Is the question asking instead of using $T$, i.e the period given by : $T=\sqrt{8m}\int^a_0\frac{dx}{\sqrt{V(a)-V(x)}}$, we instead must use the Gaussian quadrature of $T$? Also, will $T=\sqrt{8m}\int^a_0\frac{dx}{\sqrt{V(a)-V(x)}}$ work for a nonquadratic function $V(x)$?

 

[stevendaryl]

The method of Gaussian quadratures is (in my opinion) a really difficult way to efficiently compute integrals numerically. I think it's too complicated to explain in a message.
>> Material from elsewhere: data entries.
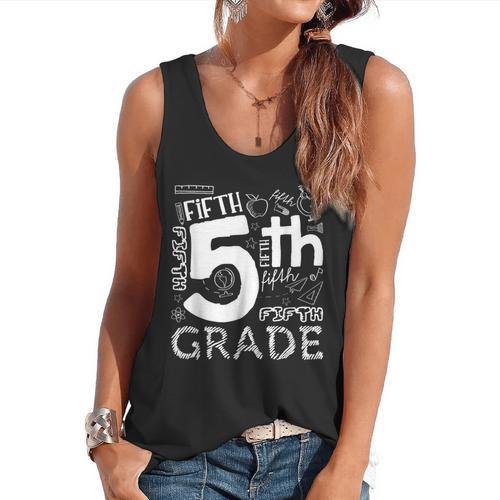 Hello 5th Grade Here I Come Teacher Fifth Grade Boys Girls Flowy Tank - teacherstshirts.com AU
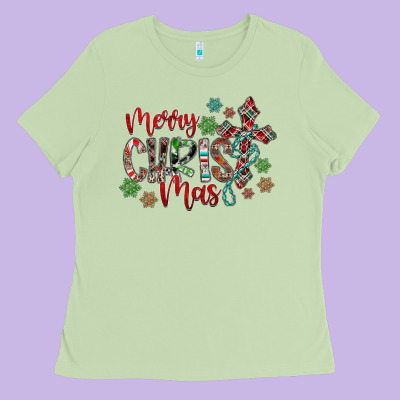 Merry Christmas Ladies Tee Designed By Cowhidedigitalart
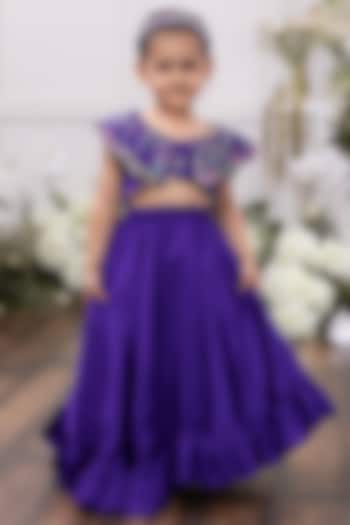 Royal Blue Silk Lehenga Set For Girls by Tinsel Kids at Pernia's Pop Up Shop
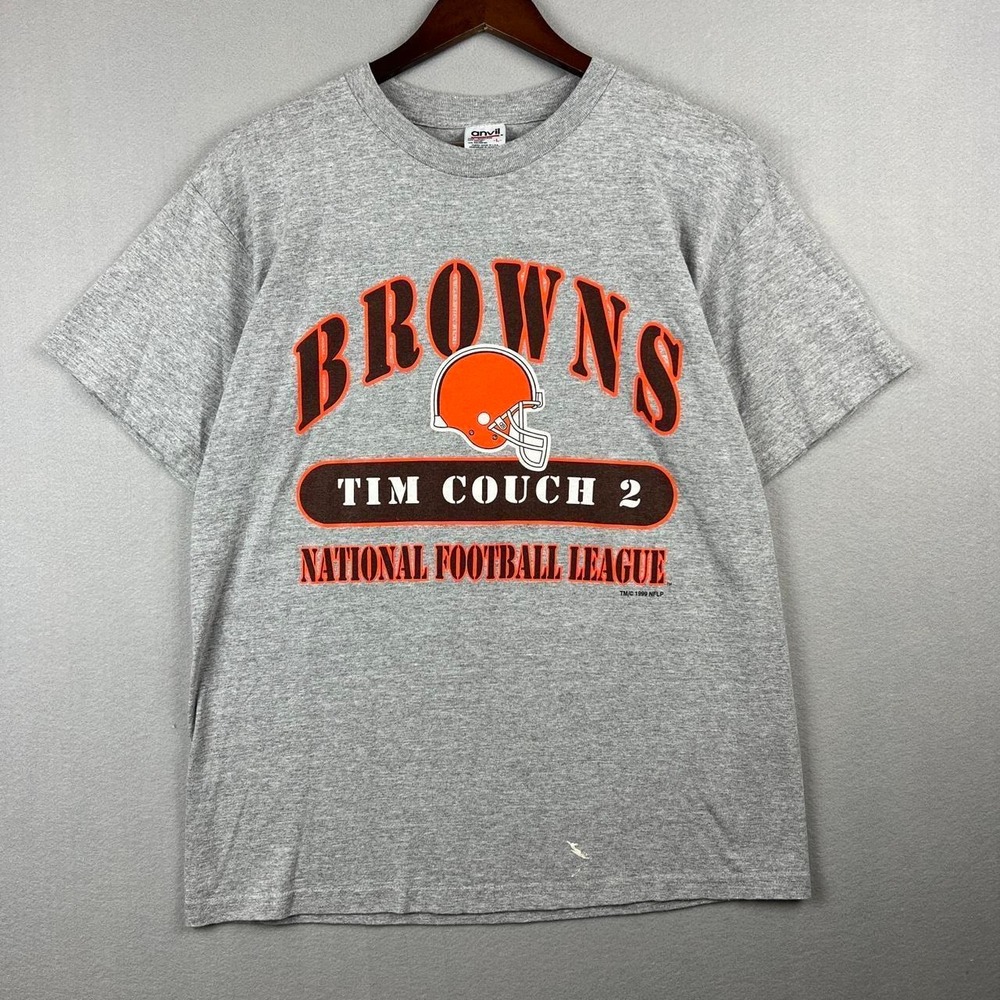Vintage Cleveland Browns Tim Couch National Football League 2 Grey Tee Shirt L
The basic idea is simple enough: You can approximate an integral

\int_{a}^b f(x) dx = \sum_{i=1}^N w_i f(x_i) where x_1, x_2, ... are points in the interval [a,b] and w_i is a weighting function. The simplest approach is the "rectangle rule", which uses w_i = \frac{b-a}{N} and x_i = a + i \cdot \frac{b-a}{N}. Gaussian quadrature is a way to get a much more accurate approximation by choosing w_i and x_i in a more sophisticated way, but it's beyond me to explain how to do it in a post.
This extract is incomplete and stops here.